Üretimin artmasıyla birlikte siteler arası mal takasının başlaması; giderek paranın bulunması erkeği ticarete, sonra da kapitale ulaştırdı. Bir zamanların ilahesi olan kadınlar; artık birer meta olmaya, köle tüccarları tarafından alınıp satılmaya başlandılar. Ucuz cinsellik, ucuz emek derebeylerinin, ağaların, sultanların saraylarında kadını en aşağı konumlara çekti. Evlerde, varlıklı ailelerin yaşamlarında ise ‘ana’ kavramıyla saygı gördü. ‘Çocukların hatırına’ varlığına katlanılan bir cins durumuna getirdi. Tek tanrılı dinlerin emir ve ayetleri gereği çoğu yerde erkeğe çok kadın (doyurmak ve korumak adına) öngörülürken; kadının erkeğe itaatsizliğine karşı da ağır cezalar verildi. Bu durum kimi yerde evden, çocuklarından uzaklaştırılıp, ‘düşük kadın’ nitelemesiyle sokağa atmak olurken; kimi yerde ölümle, kimi yerde diri diri gömülüp taşlanarak öldürmeye kadar vardı. Yine inançların körüklemesiyle cadı veya büyücü sıfatlarıyla alanlarda yakıldı, öldürmek için peşlerine atlılar salındı.
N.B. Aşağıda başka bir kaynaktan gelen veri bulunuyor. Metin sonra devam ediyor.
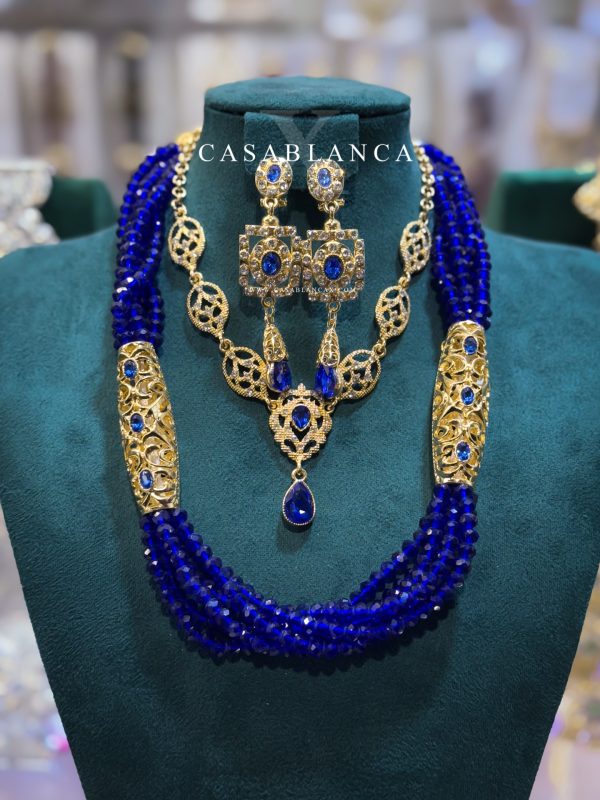 Blue Double Necklace Set - Jamira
Ortaçağ Avrupa’sındaki atasözü: “Bir kadın evinden dışarıya üç kez çıkmalıdır. Vaftiz için, evlilik için, mezara gitmek için” kadının tutsak yaşamını bu sözlerle özetlerken; başka bir söyleyiş de: “Kadın, kedi ve baca evi hiç terk edemez” şeklindedir.


“Adem ile Havva” anlatısıyla tüm dinler, kadını suçlu ve korkulacak yaratık olarak gösterirken, İslamiyet duruma daha demokratik bakmış, suçu hem erkeğe hem kadına yükleyerek eşitlemiştir. Ancak tüm dinlerde erkek kadını cezalandırıp dövebilir. İslamiyet. “Ey insanlar Kadınlar hakkında Allah’tan korkunuz, sizin kadınlarınız üzerinde hakkınız vardır. Hanımları üzmeyin, onlar Allahü Teâlâ’nın size emanetidir, yediğinden yedir, giydiğinden giydir, cennet anaların ayağı altındadır” dese de; gerektiğinde “kadını hafifçe dövme” izni verir. Bunun nedeni, kadını erkeğe göre çirkin olan davranışlarından vazgeçirmektir. Dövülmekten hoşlanan (mazoşist) kadınları dövmekse; onların ruh sağlığı için gerekli görülmektedir.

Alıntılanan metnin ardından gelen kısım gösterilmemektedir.